2. Encourage Professional Help
Imagine if someone were experiencing relentless physical pain; you’d suggest they see a doctor, right? The pains of the mind should be no different. One of the most empowering steps you can take is to help your loved one find a therapist or psychiatrist.
Research local mental health professionals or consult a family doctor for recommendations. Offer to drive them to appointments or simply check in after sessions to see how they are doing. Your unwavering support might just be the anchor they need to keep them grounded as they navigate these uncharted waters.
3. Educate Yourself
To truly support someone with depression, you must first understand what they’re facing. Immerse yourself in books, documentaries, and articles about depression. Listen to podcasts and watch educational videos.
There are diverse treatments and avenues of recovery for depression, each tailored to the individual’s needs and situation.

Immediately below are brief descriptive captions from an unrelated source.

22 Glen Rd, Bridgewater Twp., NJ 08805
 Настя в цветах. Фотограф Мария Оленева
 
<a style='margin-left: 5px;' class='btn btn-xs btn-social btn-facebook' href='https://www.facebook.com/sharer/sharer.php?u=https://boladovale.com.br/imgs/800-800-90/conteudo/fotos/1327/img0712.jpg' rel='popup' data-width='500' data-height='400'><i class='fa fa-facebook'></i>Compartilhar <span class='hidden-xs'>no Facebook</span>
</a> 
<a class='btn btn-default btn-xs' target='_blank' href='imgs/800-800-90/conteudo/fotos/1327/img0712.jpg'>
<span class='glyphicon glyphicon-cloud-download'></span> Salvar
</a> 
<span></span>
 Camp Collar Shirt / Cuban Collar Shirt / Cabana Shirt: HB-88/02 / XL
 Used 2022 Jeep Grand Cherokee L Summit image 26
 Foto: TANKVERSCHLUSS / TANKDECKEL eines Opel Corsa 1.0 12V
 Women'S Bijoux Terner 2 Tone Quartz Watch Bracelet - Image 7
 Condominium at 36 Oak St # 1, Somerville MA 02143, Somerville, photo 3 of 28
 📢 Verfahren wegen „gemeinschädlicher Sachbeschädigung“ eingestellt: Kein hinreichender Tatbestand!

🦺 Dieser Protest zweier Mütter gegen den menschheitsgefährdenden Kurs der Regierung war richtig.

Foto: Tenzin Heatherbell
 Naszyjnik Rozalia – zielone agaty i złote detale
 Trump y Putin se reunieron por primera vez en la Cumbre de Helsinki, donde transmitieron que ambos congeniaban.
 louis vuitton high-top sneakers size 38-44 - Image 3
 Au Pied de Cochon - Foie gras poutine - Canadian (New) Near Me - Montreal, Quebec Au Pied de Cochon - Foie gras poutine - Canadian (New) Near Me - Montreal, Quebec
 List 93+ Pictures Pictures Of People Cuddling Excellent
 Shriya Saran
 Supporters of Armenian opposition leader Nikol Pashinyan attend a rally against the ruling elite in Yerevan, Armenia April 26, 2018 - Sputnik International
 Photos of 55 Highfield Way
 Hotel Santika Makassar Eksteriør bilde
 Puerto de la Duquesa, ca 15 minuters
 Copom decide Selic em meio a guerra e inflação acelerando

This is not a one-size-fits-all scenario. Antidepressant medications, psychotherapy, and lifestyle changes are among the most common. Explore alternative treatments such as art therapy, animal-assisted therapy, or mindfulness.
4. Be Patient
Understand that your loved one may have good days and bad days. There might be false starts or setbacks in their treatment. Stand by them through these ebbs and flows with unwavering patience, recognizing that healing is not linear.
How often have you heard someone say, ‘Time heals all wounds?’ Though well-intentioned, pushing someone with depression to ‘snap out of it’ is akin to expecting a broken bone to mend overnight. It’s not only unrealistic but can be detrimental to their mental health. Encourage progress, but avoid setting timelines or making them feel pressured to ‘get over it.’
5. Help Them Maintain A Routine
Sleep and nutrition are to humans what sunlight and water are to plants. They are fundamental. Encourage your loved one to maintain regular sleep patterns and eat balanced meals. Be creative—perhaps cook a meal together or establish a nightly phone call to say goodnight.
Engaging in hobbies and activities can offer similar therapeutic benefits for those with depression. Encourage your loved one to paint, write, garden, or do any activity that once brought them joy. If they’re hesitant, offer to partake in these activities alongside them. It’s through these seemingly small steps that the spark of life can begin to flicker again in the shadows of depression.
Supporting a loved one through the murky waters of depression is an odyssey, not a sprint. With every compassionate word, patient silence, and understanding embrace, you are building bridges across the chasms of despair.
By educating yourself, exercising patience, helping them maintain a routine, and standing beside them as they seek professional help, you become a lighthouse guiding them back to the shores of hope.